Issue with the tokenizer for French texts?
I observed a strange behavior of the tokenizer when dealing with texts in French. In particular, contrary to previous models, it seems to consistently remove the spaces before "!" or "?", e.g.
tokenizer.decode(tokenizer.encode("Ah ? Eh bien !"))
becomes
"Ah? Eh bien!"
(i.e. it defaults to English punctuation rules, which differs from the French one). I understand this might seem unimportant to some, but it does matter for my use case.
I can fix this by adding two spaces instead of one, but this does not feel like an elegant solution. Is there something I'm missing/doing wrong?

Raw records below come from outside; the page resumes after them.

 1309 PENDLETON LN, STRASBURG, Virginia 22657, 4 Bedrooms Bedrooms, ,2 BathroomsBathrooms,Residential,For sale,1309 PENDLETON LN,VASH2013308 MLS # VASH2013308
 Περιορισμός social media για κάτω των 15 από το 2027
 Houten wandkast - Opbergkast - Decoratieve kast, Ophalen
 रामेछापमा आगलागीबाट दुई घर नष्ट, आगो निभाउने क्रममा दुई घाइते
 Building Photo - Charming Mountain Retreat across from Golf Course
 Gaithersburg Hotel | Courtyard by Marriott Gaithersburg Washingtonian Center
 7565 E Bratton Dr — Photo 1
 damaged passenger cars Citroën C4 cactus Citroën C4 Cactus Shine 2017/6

For context, I am using the transformers library (with the aim of fine-tuning the model).
Thanks! Should be fixed by https://huggingface.co/mistralai/Mistral-Nemo-Instruct-2407/discussions/13.

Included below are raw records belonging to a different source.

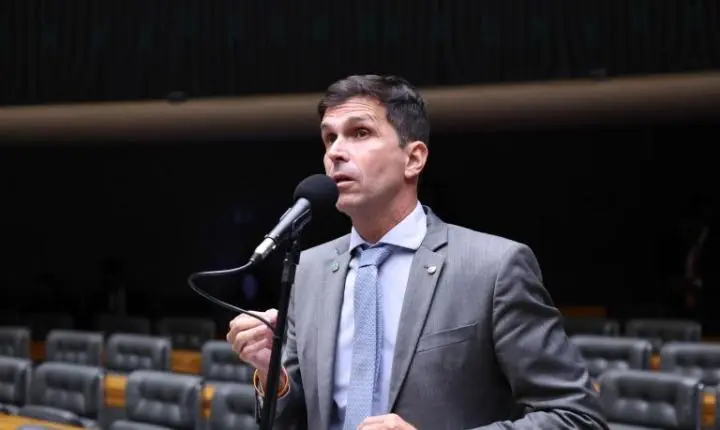 Comissão da Câmara aprova novas regras nacionais de segurança para escolas de natação infantil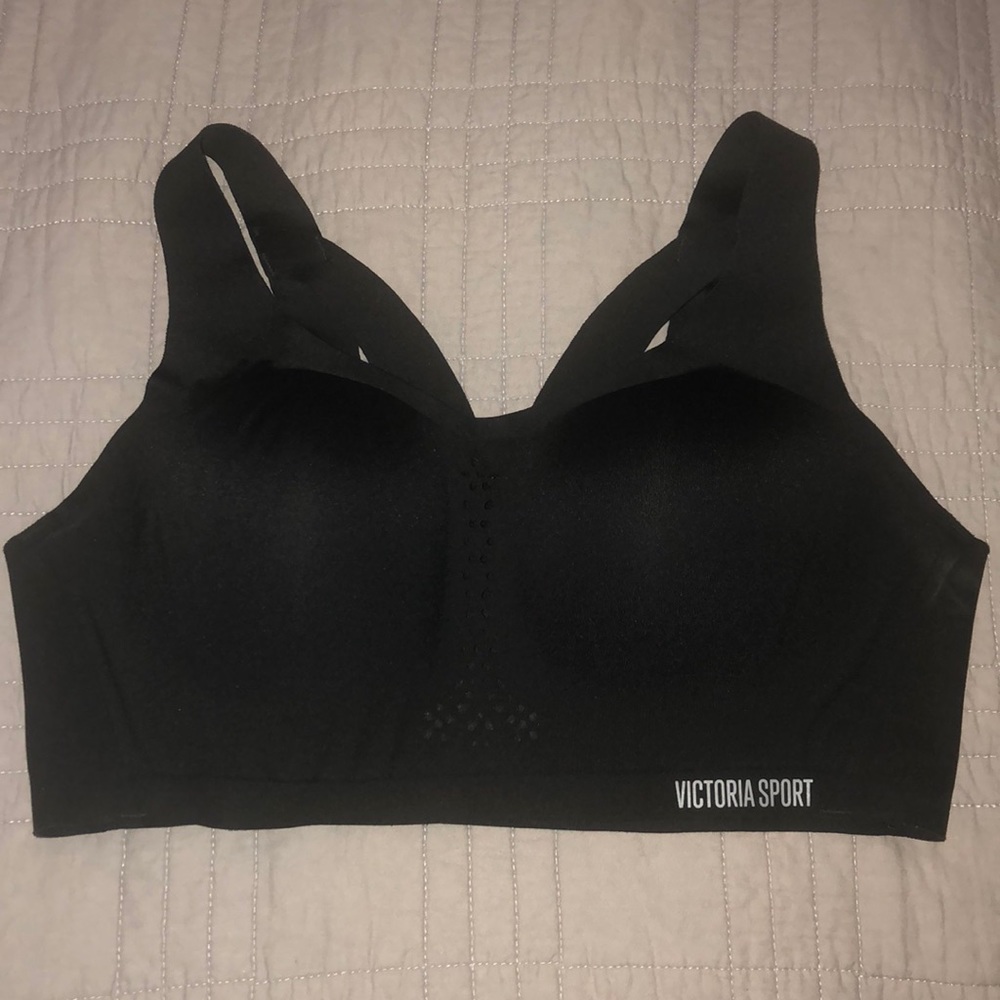 2/20$ Victoria’s Secret angel max sports bra 36D
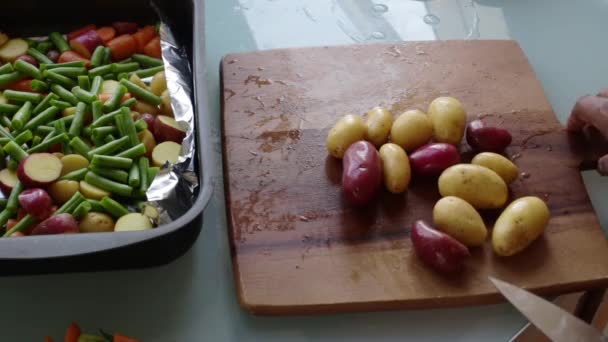 Χέρια Πρόσωπο Προετοιμασία Λαχανικών Ξύλινη Σανίδα Στην Κουζίνα — Αρχείο Βίντεο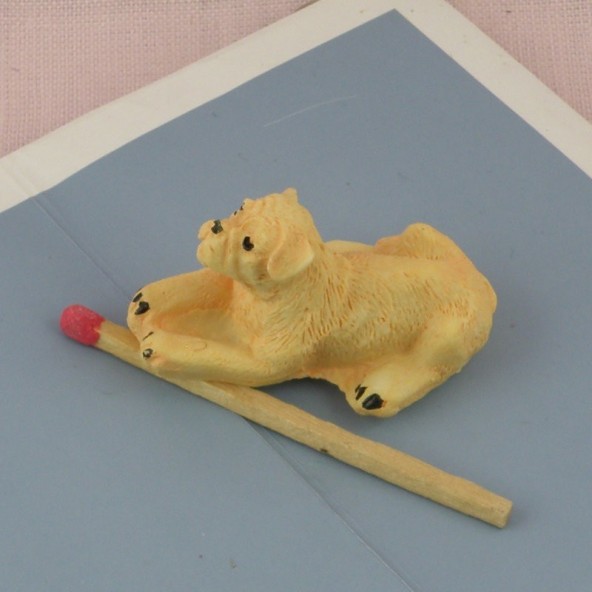 Plastic Labrador dog dollhouse animal miniature 2 cm,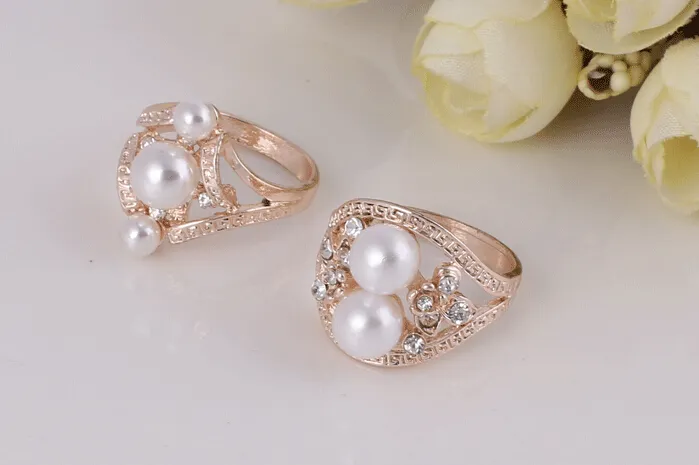 2015 vendite calde moda donna / ragazza gioielli mosaico perla cristallo modellazione anello in oro rosa stile misto confermato l'anello di colore 50 pz / lotto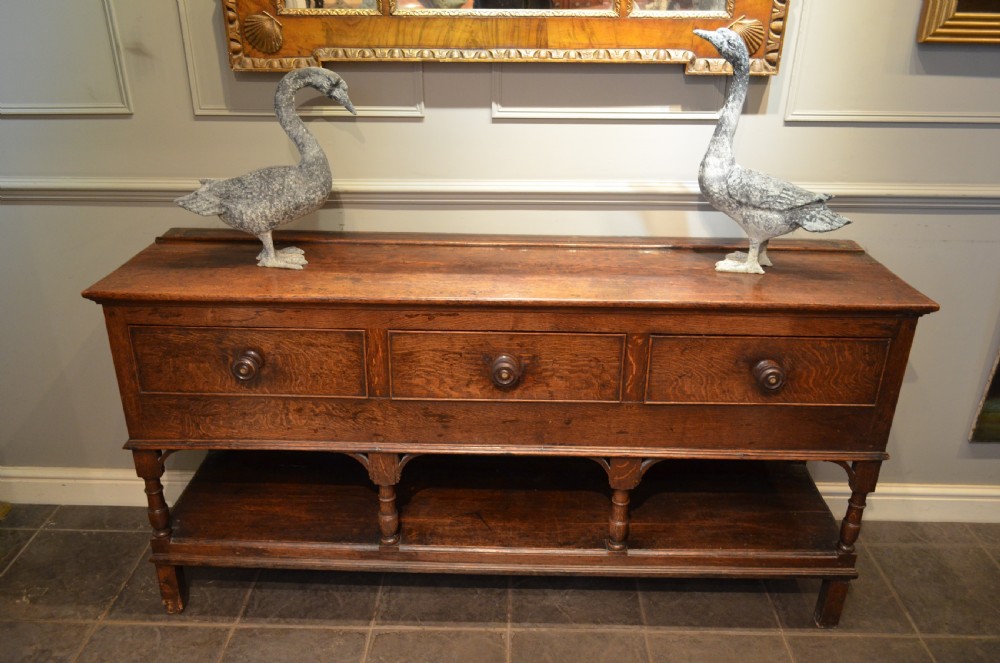 Beautiful 18th Century Oak Potboard Dresser Base View XXI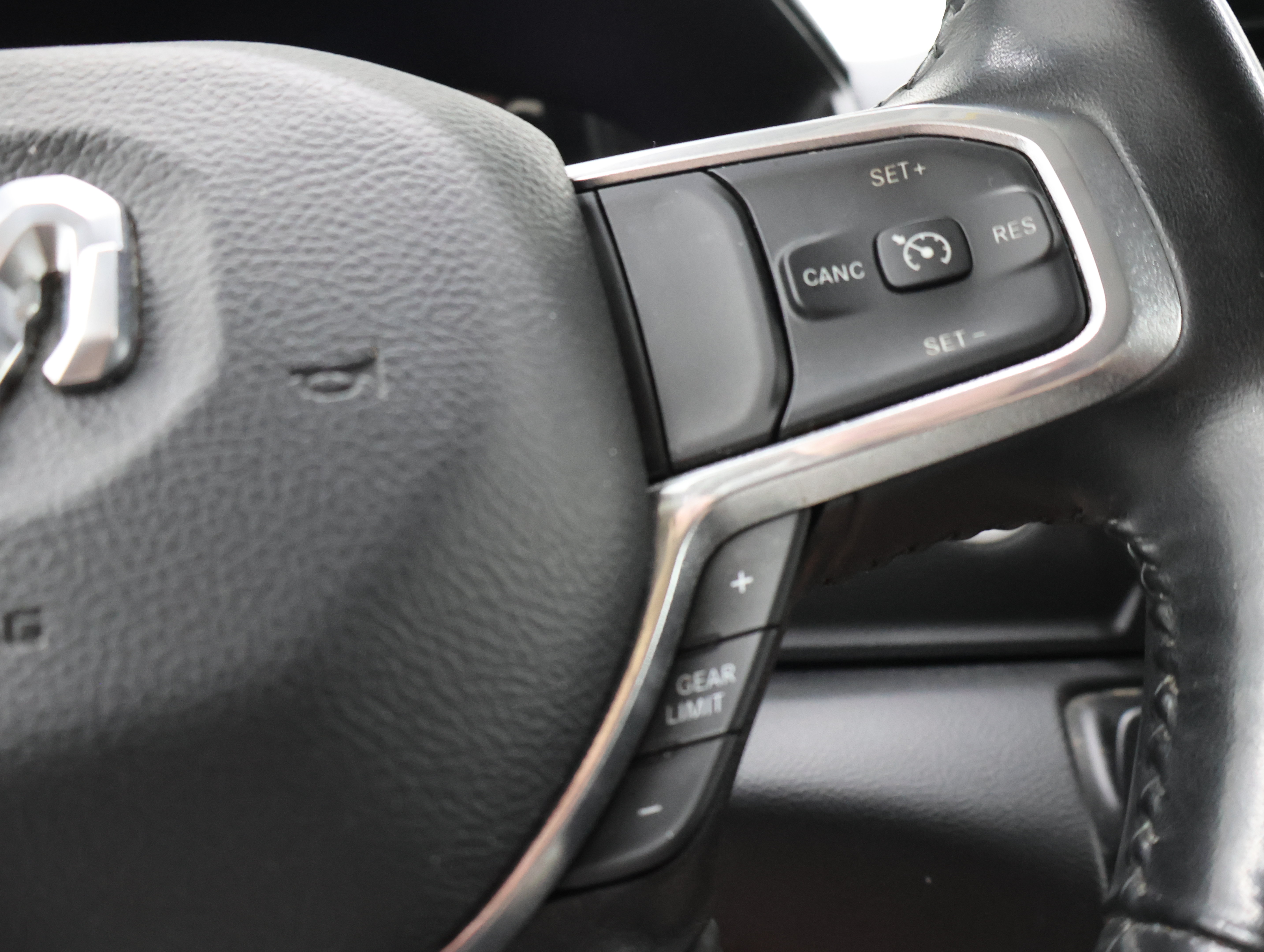 Used 2022 RAM 1500 Laramie AWD/4WD image 14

Can confirm this fixes it :)
from transformers import AutoTokenizer
tokenizer = AutoTokenizer.from_pretrained('Xenova/Mistral-Nemo-Instruct-Tokenizer', revision='refs/pr/2')
tokenizer.decode(tokenizer.encode("Ah ? Eh bien !"))
# <s>Ah ? Eh bien !
Great, many thanks!
Will the tokenizer in the official repo change accordingly? In the meanwhile, I'll use yours :)
Just got merged! :) You can now access it normally.